Foi apresentada Relação de Bens e indicado curador à neta menor de idade (15.10.18), o qual, BB, foi nomeado a 22.10.18, citado (26.10.18) e prestou compromisso de honra (20.11.2018). A 14.02.2019, a cabeça de casal veio esclarecer que, relativamente a prédio expropriado, e em razão da expropriação, os inventariados já não seriam titulares do mesmo na sua totalidade, mas tal requerimento veio a ser indeferido (20.03.19), sendo retificada a Relação de Bens e notificados os interessados, incluindo o curador da menor AA (1.04.19).

As interessadas GG e as filhas desta (netas dos inventariados) II e JJ juntaram procuração e reclamaram da Relação de Bens (6.05.19), sustentando, em síntese que deviam ser excluídas da qualidade de devedoras, tal como a (menor de idade) AA, que devia haver avaliação das verbas 6 a 10 e que faltava relacionar um veículo, um trator e o prédio urbano correspondente à casa de habitação do interessado KK e mulher, doada a estes.

A 13.12.19, no pertinente despacho, em sede notarial, foi declarada como não apresentada aquela reclamação à Relação de Bens e declarados definitivos os bens a partilhar, e os interessados, bem como o curador da AA, foram notificados para a conferência preparatória e esta veio a ter lugar a 20.12.19, tendo sido aí requerida e deferida a sua suspensão, uma vez que estava em falta, com vista ao acordo dos interessados, a avaliação dos imóveis.

A 29.04.20 foi proferido despacho pela Sra. Notária a remeter os autos para o tribunal, ora recorrido, atento o disposto no artigo 12.º, n.º 1 da Lei 117/2019, remessa essa que ocorreu a 11.05.20.
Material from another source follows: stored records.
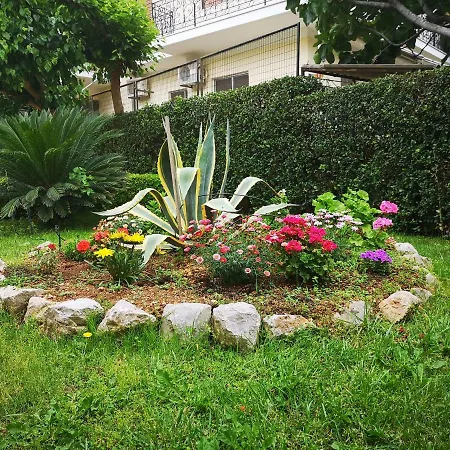 Appart hôtel Patelis Poúlithra
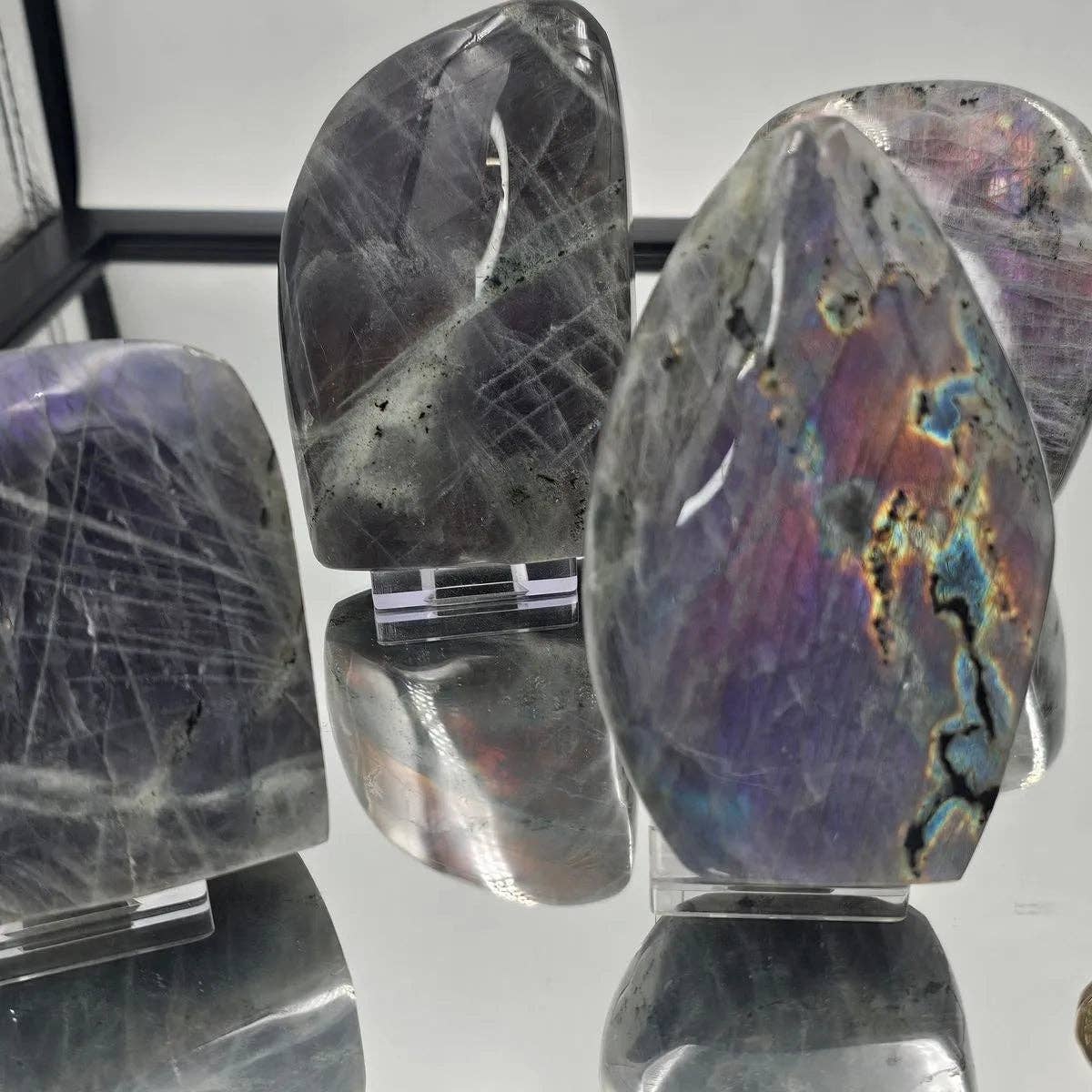 Distinction Crystals - Wholesale Spirituele steen/kristal - Grote Paarse Labradoriet Kristal Vrije Vormen 400-500g1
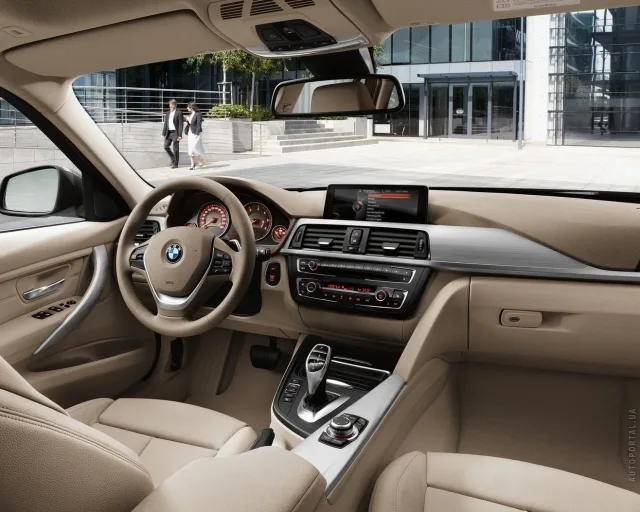 BMW 3 Series Touring 2012 (БМВ 3 Серии Туринг) универсал — 11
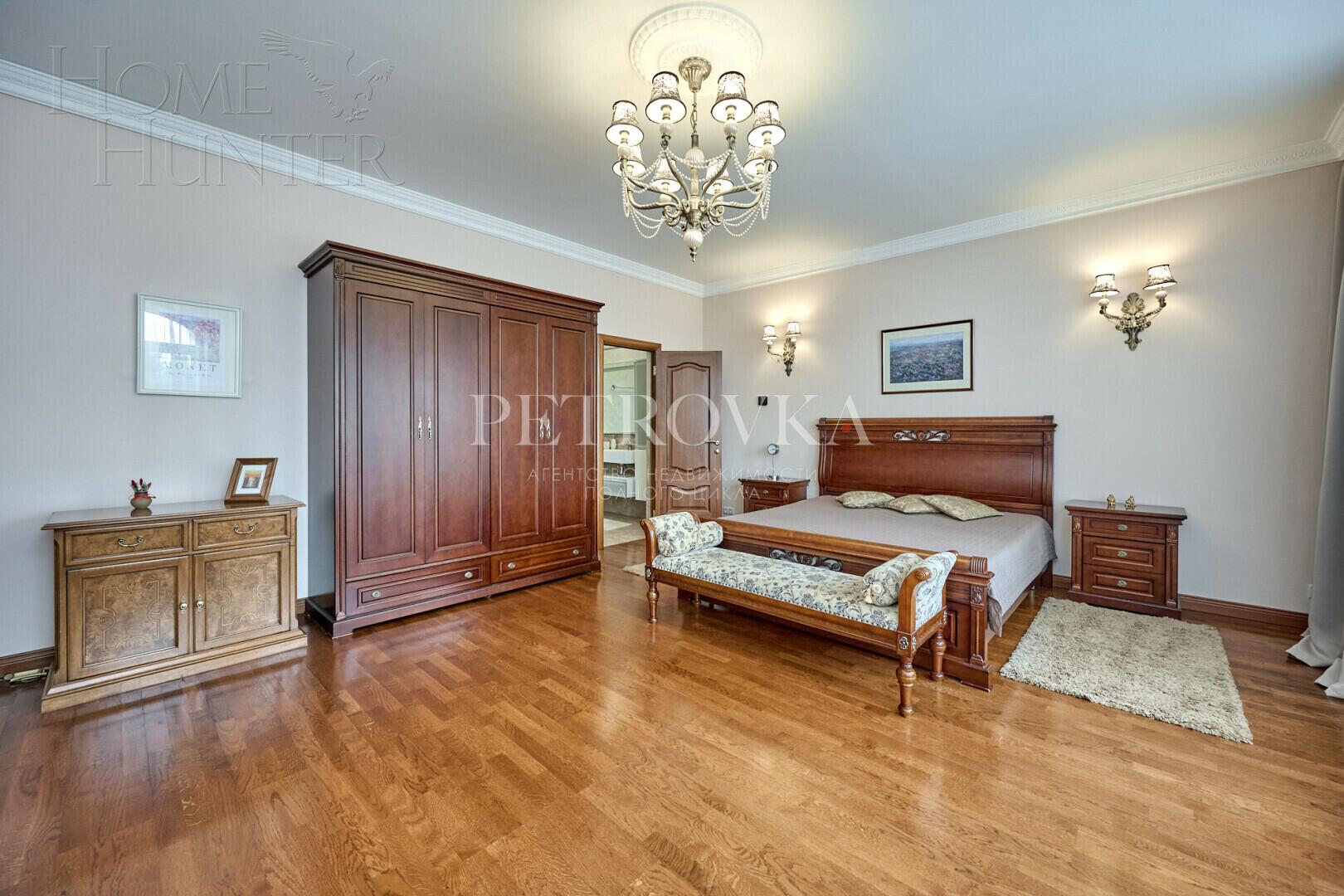 3-этажный коттедж 680.4 м² с отделкой
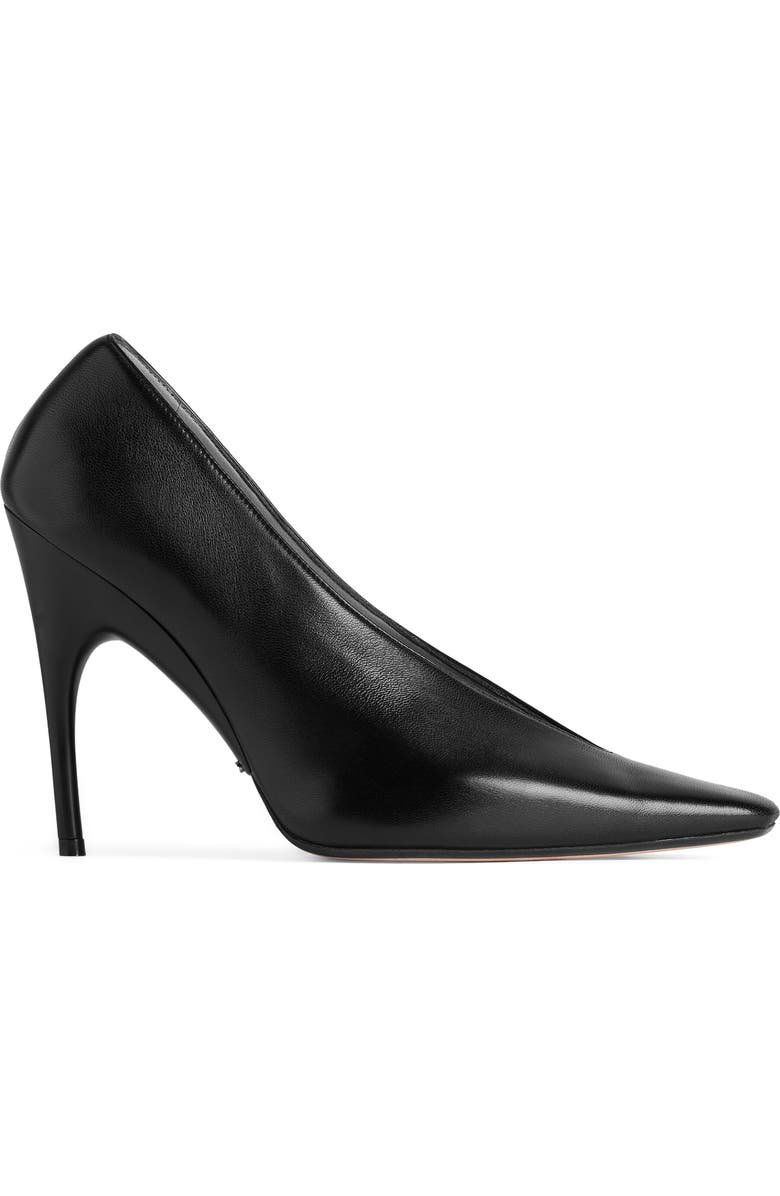 Duchesse Pointed Toe Pump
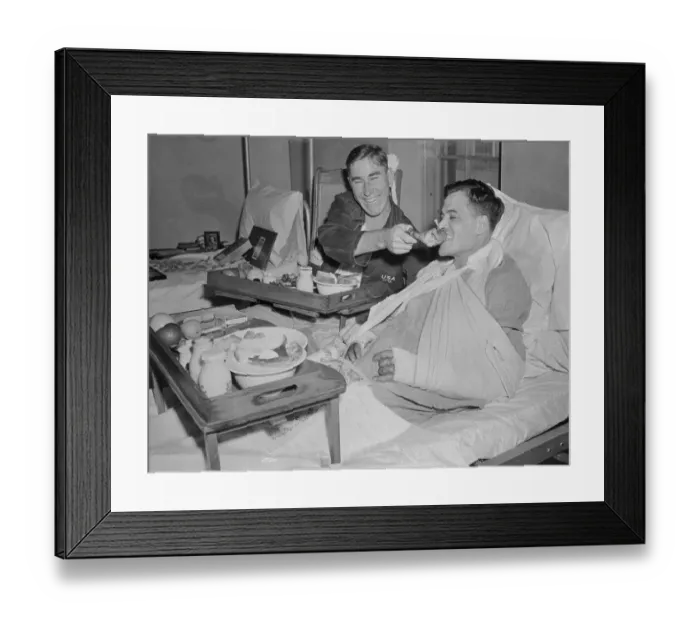 Framed Print : Heroes Recovering From Wounds Enjoy Thanksgiving Feast Framed Print : Heroes Recovering From Wounds Enjoy Thanksgiving Feast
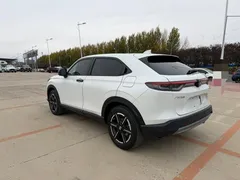 2023 Honda Vezel 1.5L CVT Tech, белый — фото 14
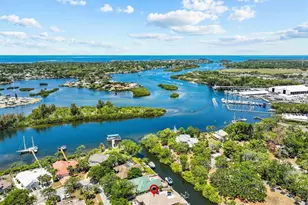1114 Marina Dr, Tarpon Springs, FL 34689 - Photo 4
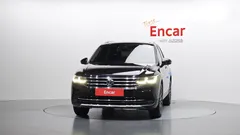 2022 Volkswagen Tiguan 2.0 TDI Premium, чёрный — фото 3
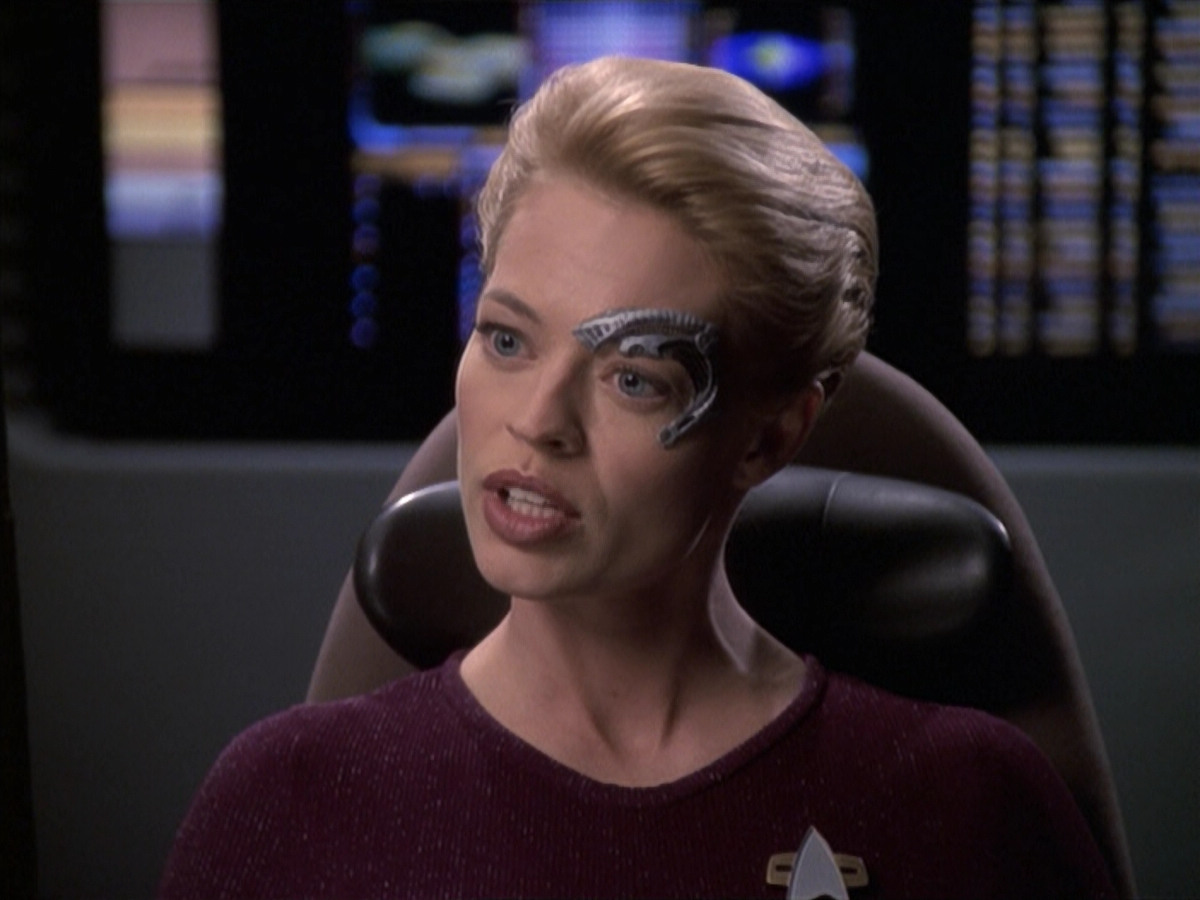 extant_StarTrek_VOY_6x19-ChildsPlay_01251.jpg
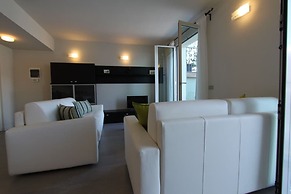 Luxury Apartment Front Lake View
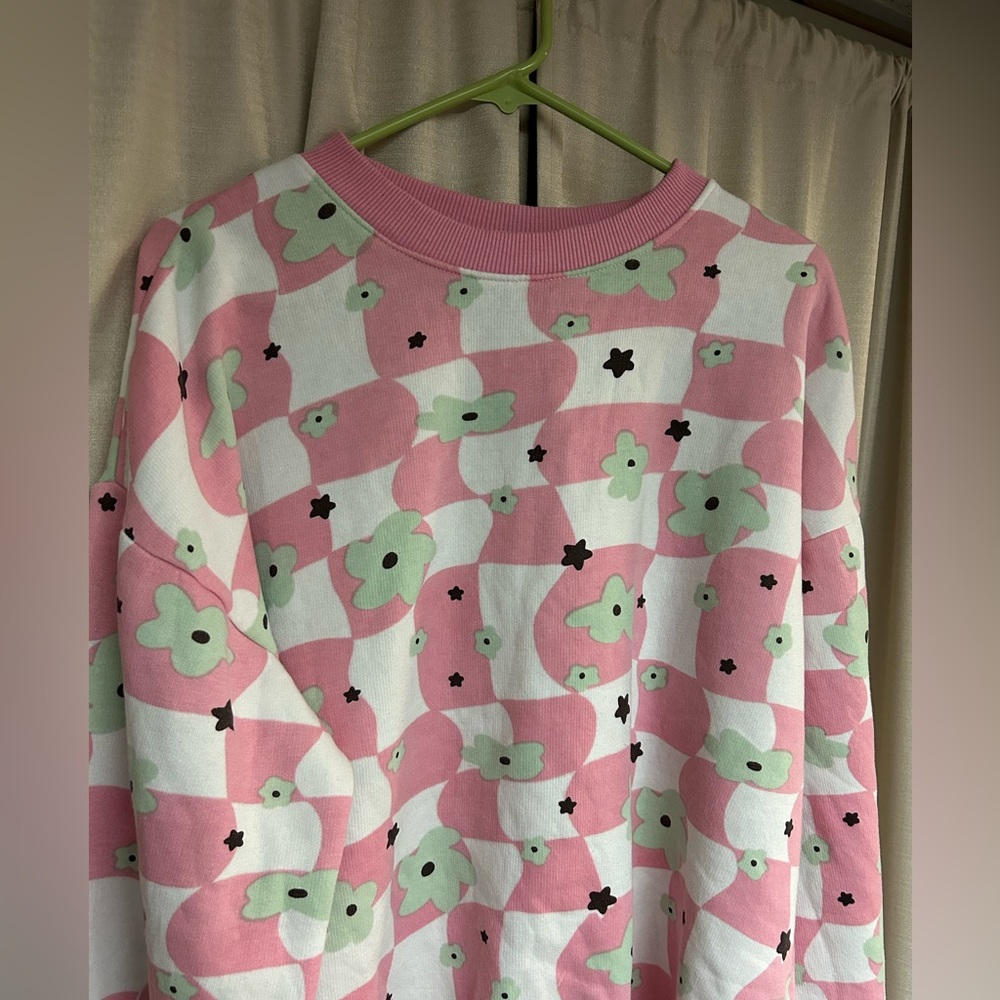 Used Daisy Street pink flower sweatshirt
No tribunal recorrido foi nomeado avaliador dos imóveis e o relatório respetivo foi junto a 20.10.20, e na mesma data notificado a todos os interessados; interessados e Ministério Público que vieram a ser notificados para a conferência de interessados, a qual (com a presença, além dos demais, do Ministério Público e do curador da AA) , a 13.01.21 foi suspensa a pedido dos interessados, com vista a eventual acordo. A 4.06.21 foi comunicado aos autos não ter sido possível o acordo, tendo sido designada, a 31.07.21, nova data para a conferência de interessados.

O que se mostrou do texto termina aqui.